» **Task details**
Scan the entries that follow for the word "Natural", then report every line in which it appears.

(Saved data entries)
<<<<
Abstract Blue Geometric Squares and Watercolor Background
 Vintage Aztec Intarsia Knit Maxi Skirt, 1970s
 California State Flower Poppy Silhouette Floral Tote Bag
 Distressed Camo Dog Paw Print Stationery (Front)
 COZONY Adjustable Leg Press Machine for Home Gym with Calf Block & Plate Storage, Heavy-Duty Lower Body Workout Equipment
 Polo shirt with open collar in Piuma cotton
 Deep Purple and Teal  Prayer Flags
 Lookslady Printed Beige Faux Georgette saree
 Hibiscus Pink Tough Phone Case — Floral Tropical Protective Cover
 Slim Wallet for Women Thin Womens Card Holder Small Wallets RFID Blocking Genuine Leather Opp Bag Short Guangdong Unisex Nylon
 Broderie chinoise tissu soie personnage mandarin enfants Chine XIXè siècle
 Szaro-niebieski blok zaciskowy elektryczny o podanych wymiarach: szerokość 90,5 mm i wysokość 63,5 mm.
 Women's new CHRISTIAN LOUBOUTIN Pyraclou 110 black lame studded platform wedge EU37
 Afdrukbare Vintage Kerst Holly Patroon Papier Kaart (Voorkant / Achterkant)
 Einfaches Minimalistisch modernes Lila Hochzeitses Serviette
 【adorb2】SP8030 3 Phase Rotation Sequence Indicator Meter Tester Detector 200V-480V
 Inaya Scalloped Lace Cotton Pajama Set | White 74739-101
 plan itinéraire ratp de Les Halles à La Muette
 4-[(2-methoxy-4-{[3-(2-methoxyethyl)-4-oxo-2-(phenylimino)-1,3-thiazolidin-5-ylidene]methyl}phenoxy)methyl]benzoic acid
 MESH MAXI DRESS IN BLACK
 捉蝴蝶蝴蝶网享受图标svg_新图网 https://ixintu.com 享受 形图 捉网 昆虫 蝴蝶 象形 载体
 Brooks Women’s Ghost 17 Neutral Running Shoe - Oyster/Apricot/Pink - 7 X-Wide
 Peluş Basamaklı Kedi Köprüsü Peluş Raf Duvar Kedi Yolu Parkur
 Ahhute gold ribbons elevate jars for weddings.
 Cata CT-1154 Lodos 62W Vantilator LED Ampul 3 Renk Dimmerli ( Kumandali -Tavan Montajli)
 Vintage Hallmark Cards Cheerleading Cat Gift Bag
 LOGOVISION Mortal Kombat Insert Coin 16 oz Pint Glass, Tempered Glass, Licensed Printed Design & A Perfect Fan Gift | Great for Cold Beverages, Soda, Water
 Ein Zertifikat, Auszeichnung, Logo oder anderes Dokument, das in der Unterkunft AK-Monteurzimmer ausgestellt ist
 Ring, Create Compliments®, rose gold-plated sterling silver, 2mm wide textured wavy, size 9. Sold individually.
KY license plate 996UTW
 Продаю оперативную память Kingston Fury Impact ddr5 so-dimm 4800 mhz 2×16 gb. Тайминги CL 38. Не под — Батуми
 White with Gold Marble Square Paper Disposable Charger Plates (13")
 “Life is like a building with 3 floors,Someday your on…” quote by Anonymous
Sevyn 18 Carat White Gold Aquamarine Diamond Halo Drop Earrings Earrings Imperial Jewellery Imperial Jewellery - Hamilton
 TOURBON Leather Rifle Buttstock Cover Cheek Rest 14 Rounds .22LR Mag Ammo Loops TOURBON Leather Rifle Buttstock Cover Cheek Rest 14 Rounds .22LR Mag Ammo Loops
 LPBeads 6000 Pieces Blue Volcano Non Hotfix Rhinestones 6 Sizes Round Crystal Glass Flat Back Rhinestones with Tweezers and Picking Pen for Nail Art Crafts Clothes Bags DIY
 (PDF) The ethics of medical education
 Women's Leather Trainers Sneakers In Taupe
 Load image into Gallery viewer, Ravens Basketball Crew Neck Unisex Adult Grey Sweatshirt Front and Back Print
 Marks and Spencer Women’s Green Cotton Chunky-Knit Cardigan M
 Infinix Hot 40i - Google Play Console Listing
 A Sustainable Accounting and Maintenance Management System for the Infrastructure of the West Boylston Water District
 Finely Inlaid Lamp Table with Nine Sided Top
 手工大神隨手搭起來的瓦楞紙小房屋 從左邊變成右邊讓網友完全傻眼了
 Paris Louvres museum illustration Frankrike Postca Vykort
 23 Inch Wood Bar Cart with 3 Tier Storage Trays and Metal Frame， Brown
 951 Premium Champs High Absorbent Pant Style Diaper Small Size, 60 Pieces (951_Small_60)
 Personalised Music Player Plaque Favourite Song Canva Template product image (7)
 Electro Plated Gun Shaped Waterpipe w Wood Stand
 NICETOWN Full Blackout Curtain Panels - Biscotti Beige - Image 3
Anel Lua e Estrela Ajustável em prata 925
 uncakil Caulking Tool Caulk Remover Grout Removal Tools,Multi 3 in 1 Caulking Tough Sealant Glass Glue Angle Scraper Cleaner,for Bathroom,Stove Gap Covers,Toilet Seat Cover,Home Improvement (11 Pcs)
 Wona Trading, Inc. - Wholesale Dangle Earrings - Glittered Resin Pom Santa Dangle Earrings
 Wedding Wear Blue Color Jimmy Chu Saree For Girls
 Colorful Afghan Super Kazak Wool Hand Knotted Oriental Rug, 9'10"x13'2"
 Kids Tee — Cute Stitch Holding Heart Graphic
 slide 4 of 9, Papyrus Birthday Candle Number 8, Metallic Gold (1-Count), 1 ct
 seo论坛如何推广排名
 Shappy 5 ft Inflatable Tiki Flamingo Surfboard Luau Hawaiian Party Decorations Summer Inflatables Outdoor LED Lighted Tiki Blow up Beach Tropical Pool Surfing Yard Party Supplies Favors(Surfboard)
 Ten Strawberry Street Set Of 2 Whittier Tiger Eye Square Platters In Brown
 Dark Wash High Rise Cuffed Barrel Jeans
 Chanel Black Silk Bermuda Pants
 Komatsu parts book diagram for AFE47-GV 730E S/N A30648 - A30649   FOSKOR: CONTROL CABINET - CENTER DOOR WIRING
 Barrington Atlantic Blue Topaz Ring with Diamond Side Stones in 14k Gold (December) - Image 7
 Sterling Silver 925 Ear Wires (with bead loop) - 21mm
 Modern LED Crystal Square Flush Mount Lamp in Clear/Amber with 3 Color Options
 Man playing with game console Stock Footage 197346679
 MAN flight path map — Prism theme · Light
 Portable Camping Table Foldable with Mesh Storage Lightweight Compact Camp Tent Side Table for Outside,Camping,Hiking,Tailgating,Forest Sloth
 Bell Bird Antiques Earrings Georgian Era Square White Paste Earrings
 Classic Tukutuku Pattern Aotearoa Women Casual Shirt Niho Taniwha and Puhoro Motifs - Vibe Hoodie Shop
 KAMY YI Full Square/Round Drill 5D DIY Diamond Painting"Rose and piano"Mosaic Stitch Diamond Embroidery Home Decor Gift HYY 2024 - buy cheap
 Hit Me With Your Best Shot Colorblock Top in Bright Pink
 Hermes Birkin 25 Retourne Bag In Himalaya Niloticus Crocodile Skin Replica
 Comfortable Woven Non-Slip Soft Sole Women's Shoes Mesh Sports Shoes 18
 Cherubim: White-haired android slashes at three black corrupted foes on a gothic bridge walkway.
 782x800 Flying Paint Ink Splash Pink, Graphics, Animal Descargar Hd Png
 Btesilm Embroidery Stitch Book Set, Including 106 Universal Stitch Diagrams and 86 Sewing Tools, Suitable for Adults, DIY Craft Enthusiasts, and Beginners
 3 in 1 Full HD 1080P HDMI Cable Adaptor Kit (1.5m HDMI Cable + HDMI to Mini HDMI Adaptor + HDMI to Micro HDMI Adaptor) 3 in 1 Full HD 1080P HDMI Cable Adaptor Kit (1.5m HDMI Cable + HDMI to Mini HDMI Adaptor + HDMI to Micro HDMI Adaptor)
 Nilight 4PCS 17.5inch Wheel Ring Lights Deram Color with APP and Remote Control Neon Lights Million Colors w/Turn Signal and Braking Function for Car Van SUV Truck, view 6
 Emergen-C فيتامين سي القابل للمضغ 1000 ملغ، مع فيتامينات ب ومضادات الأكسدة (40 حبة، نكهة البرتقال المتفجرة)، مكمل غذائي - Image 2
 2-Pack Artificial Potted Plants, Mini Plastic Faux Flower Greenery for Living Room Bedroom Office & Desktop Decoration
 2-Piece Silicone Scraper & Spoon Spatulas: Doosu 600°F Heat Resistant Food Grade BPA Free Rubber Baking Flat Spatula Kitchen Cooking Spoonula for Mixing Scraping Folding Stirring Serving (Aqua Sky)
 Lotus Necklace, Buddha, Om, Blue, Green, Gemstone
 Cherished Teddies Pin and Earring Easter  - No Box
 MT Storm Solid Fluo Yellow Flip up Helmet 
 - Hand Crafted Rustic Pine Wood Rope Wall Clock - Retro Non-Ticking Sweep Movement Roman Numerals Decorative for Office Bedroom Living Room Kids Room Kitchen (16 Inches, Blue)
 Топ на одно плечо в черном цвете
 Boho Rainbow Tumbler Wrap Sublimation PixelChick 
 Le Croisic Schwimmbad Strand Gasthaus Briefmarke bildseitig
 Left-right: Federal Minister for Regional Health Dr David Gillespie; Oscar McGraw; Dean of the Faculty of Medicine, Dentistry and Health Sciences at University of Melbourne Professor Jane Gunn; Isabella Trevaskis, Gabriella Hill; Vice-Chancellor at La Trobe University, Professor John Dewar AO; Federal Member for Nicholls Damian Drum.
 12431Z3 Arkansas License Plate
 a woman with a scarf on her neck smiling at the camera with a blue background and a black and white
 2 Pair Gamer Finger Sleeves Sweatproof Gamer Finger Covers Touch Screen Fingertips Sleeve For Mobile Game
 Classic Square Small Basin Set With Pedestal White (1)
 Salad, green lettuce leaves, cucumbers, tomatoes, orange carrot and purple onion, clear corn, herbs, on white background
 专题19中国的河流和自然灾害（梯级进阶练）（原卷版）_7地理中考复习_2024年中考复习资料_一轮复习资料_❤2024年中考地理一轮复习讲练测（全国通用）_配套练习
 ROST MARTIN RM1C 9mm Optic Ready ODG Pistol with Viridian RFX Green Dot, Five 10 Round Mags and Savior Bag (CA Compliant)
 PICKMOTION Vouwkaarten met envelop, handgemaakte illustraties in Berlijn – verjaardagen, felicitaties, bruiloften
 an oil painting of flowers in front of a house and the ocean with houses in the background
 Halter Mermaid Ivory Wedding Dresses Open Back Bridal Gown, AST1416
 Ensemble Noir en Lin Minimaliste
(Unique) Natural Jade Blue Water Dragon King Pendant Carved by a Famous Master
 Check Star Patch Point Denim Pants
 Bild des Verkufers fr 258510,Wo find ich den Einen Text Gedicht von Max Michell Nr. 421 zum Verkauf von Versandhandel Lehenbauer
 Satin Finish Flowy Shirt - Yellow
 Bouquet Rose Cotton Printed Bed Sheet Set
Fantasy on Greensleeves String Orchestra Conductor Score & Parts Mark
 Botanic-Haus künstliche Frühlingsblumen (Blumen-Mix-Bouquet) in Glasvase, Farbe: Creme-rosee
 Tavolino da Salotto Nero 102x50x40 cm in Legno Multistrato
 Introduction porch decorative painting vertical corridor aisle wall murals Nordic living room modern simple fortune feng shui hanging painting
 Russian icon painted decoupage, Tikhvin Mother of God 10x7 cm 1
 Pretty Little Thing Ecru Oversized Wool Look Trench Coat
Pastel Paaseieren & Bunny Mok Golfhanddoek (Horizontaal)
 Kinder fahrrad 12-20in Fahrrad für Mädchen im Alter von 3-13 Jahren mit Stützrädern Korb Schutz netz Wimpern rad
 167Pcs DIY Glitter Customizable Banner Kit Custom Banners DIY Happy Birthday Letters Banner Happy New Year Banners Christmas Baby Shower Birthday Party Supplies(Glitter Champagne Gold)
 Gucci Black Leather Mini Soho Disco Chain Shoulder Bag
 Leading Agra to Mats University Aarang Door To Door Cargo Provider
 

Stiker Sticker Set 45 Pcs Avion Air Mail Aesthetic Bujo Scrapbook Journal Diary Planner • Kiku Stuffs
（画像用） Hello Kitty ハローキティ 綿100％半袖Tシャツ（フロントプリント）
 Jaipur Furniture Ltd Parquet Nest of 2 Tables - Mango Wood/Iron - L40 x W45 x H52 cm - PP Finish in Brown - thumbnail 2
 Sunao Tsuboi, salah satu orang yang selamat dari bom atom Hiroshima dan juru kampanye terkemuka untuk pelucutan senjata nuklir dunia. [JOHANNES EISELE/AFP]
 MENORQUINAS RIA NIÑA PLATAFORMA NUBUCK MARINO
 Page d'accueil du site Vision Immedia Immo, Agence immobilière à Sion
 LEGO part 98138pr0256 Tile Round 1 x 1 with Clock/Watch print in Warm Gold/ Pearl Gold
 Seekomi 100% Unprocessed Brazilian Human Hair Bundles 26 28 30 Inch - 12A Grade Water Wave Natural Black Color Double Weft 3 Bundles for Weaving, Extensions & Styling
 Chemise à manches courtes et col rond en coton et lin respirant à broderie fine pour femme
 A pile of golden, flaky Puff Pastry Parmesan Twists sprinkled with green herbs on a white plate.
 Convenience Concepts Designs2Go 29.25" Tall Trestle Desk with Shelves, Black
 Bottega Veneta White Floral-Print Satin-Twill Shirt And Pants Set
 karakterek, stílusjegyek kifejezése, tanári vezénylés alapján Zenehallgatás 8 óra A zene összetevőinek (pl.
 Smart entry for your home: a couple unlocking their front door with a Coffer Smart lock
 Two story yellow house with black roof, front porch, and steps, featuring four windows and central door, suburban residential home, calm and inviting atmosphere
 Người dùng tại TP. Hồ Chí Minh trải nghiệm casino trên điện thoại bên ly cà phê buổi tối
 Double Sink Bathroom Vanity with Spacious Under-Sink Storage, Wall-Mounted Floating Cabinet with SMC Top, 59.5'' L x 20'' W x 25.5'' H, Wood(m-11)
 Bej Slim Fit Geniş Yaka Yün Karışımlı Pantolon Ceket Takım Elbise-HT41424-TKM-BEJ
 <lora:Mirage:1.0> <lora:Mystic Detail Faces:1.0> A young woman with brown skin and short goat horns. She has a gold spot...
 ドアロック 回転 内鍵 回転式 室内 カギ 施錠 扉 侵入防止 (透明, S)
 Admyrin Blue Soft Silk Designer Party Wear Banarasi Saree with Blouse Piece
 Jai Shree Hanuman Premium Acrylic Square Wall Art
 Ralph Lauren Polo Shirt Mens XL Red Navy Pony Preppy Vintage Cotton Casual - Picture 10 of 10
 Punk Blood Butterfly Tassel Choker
>>>>
» **Answer below**
(Unique) Natural Jade Blue Water Dragon King Pendant Carved by a Famous Master
 Seekomi 100% Unprocessed Brazilian Human Hair Bundles 26 28 30 Inch - 12A Grade Water Wave Natural Black Color Double Weft 3 Bundles for Weaving, Extensions & Styling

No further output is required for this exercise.